The edict was due to a series of unfortunate (and some fortunate) events that started ten years ago. It was then when an alien figure, known only as Mahan the Omnipotent, was declared the first space captain for a council-recognized empire to reach the fabled Galactic Core. But that's all that _has_ been proven. Records show the spaceship that Mahan was commanding disappeared without a trace upon entering the core. Many skeptics confidently assert that this event proves how the galactic core is apparently nothing other than a really hungry black hole, and that the crew was simply crushed into a singularity. Regardless of what happened to Mahan and his crew afterwards, it was two years ago (eight years after the disappearance) when Mahan's empire found a series of data-logs written by the captain himself, hidden in a crate of green spice. The data-logs are a series of electronic documents holding a wealth of information on the Omnipotent's life and experiences as a captain. There are star maps and planetary charts, video logs and diaries, storage of encyclopedias on every subject known. It's widely believed that this cache of data-logs, nicknamed "The Green Box", was left behind by Mahan on purpose right before he ventured off into the Grox-owned regions of the galaxy. It's probable that even he doubted the likelihood of making a roundtrip from home to the core and wanted to leave a safety deposit behind.

Unfortunately enough, when the Green Box was being loaded on a cargo ship (to be researched later) a large pirate force struck the colony that the ship was docked at. Communications with the colony went dark for three hours; afterwards, not only was the colony badly damaged but the Green Box was gone too. It was effectively swiped out from under the nose of the Galactic Council itself.

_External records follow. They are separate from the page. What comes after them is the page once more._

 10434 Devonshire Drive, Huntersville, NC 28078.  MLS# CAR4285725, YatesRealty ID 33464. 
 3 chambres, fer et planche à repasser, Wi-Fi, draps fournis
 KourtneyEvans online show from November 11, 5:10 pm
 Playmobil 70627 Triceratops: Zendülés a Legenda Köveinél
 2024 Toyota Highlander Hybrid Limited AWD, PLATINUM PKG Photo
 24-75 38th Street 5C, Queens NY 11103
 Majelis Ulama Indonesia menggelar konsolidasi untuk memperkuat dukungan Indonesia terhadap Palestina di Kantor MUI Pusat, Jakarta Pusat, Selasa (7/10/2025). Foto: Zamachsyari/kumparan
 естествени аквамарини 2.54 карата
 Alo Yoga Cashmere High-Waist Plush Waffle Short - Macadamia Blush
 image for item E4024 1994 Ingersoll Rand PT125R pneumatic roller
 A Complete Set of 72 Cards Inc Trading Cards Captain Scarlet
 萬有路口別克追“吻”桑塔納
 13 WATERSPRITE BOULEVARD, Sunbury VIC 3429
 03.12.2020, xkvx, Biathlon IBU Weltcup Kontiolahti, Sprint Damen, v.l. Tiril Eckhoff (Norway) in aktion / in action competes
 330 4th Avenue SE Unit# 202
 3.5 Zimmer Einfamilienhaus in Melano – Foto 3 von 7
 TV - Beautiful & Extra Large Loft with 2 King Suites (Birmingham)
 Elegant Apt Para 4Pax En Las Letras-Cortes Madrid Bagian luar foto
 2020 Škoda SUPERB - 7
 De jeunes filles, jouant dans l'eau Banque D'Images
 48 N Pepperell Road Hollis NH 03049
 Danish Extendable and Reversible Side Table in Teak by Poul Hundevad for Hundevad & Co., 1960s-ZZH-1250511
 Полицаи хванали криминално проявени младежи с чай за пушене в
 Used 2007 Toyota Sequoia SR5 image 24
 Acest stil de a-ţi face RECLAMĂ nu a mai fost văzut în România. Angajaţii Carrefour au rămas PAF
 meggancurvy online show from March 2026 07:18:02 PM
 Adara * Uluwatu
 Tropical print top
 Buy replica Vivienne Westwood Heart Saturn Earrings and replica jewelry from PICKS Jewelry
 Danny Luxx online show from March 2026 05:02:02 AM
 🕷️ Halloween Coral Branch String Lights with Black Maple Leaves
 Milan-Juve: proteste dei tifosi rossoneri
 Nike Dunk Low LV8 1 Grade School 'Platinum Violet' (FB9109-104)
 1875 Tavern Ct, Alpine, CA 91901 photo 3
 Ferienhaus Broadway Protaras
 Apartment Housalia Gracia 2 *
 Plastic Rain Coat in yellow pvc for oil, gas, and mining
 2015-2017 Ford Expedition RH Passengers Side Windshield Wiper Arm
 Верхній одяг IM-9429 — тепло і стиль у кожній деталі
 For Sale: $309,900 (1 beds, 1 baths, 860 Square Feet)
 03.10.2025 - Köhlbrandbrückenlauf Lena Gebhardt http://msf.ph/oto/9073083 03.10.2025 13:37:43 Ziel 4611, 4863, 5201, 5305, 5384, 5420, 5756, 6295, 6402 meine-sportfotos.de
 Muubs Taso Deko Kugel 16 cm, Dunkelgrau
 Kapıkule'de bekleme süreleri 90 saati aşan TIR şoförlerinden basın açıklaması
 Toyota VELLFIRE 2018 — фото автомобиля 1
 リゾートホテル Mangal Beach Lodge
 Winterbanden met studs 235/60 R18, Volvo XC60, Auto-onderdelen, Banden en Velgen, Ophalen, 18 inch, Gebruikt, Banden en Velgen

A repository of knowledge collected from across the known universe, gone.

While this certainly isn't the _biggest_ setback for galactic scientific progress (the Grox and their many calculated incursions would hold that honor), it merited the Council's attention. Pirates weren't good for democracy or any kind of progress. So just a month ago a huge galactic brainstorm unfolded: every one of the council's 607 member empires met in a session of congress and gave ideas on how to get the Green Box back.

When you put 607 of the smartest individuals from the 607 most powerful galactic empires in one big room, you get one hell of a brainstorm. What, then, did this ensemble of shining brilliance declare to be the solution to the Galactic Council's problem? Would they launch a gi-hugic assault on known criminal organizations everywhere? No, that'd be like clearing weeds with tweezers. Could they declare the entire attacked colony one big crime zone, and solve things the CSI way? Well, the colony's digital records were ruined, so the endeavor would be a highly protracted and expensive one. Besides; member Diplomat empires would have to deal with the paperwork of contributing investigators. A single investigator from any Diplomat empire hired for the Galactic Council has, exactly, 43,842 filed documents attesting to his skill and explaining his work. 20,000 of those documents are actually bibliographical pages, title pages, pages with a single stamp of approval on them, or documentary documents documenting _other_ documents.

What was I talking about again? Oh, right. The council didn't pick a conventional solution to finding the green box or whatever.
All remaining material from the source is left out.